Across mature, capital-intensive industries such as oil and gas, operators typically want to sweat their assets. Asset performance and lifecycle costing are both critically important, as is minimising downtime and maximising the time that assets are fully operational.
Many of these assets are themselves mature and therefore more prone to breakages. This is exacerbated by the fact that they are often located in remote, hostile environments offshore.
The penalties for asset failure in the oil and gas industry are potentially extremely high, not just in terms of the financial cost of lost production, but also in environmental damage, personal injury and public safety. As a result, there are very few industries that are subject to the same intense levels of scrutiny from NGOs, regulators and governments. In the UK continental shelf area, for example, operators are effectively subject to strict liability for pollution damage and the cost of remedial measures up to US$250 million per incident.
An enterprise asset management (EAM) strategy has become essential if oil and gas operators are to extract maximum efficiency and value from their plant and achieve regulatory compliance. EAM is a holistic approach focused on managing all information, structured and unstructured, relating to physical assets and maintaining peak of performance throughout their lifecycle.
Adopting a successful EAM strategy requires clear scope-definition up-front. It is important that leaders and decision-makers across the wider business are actively engaged from the beginning of the process and made aware of the benefits of EAM through focused communication, workshops and other successful initiative delivery.
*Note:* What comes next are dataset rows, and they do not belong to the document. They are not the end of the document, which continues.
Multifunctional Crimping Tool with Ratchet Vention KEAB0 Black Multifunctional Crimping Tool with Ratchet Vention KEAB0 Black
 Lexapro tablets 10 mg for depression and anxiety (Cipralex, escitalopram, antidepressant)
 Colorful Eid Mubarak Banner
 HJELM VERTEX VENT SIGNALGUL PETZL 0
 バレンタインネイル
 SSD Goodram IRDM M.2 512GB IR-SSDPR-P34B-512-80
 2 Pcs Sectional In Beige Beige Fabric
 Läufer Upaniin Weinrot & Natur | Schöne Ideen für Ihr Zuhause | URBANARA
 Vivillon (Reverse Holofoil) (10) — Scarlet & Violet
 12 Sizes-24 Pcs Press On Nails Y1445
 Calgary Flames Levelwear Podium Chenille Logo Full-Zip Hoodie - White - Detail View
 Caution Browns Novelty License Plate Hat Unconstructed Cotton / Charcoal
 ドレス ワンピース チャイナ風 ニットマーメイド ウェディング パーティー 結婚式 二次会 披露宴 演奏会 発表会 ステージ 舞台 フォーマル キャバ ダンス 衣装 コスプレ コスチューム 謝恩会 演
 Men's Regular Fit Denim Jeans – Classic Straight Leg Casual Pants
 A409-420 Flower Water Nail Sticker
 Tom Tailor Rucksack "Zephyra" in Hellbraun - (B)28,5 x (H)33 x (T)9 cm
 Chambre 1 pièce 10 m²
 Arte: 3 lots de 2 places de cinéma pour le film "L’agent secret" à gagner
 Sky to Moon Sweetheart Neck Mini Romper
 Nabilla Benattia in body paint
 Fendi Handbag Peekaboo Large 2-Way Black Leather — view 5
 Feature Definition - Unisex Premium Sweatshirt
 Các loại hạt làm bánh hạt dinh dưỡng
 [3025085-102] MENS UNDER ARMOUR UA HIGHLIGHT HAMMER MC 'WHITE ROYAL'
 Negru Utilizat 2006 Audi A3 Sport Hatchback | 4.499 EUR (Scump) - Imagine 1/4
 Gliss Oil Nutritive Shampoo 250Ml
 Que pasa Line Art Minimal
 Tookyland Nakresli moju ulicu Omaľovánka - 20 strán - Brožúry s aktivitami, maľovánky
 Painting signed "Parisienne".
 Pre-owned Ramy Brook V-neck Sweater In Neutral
There also needs to be complete clarity about which business processes need to be prioritised and potentially transformed. Again, stakeholders across the wider business should be involved in this. Providers should encourage and develop this wider engagement and adoption as it will be critical to the ultimate success of any EAM project.
In essence, from a technology enablement point of view, EAM strategy can be enabled by bringing different, disparate and isolated back-office functions into one place, with a solid foundation digital core solution, covering processes such as supply chain, finance, maintenance and projects.
First and foremost, any organisation seeking to focus on EAM must address the question of data, bringing together data from assets into IT systems in a way that delivers tangible insight and business enablement.
Organisations need the right information from a broad range of sources to make good decisions. For example, they need visibility of the supply chain to prevent stock outs. If oil rig materials fail to arrive on time and equipment is not maintained, the impact on the bottom line is significant, not only increasing costs, but also in terms of the knock-on effect in lost production. A failing pump on a platform can take hours to get back up running and the revenue lost is not recoverable.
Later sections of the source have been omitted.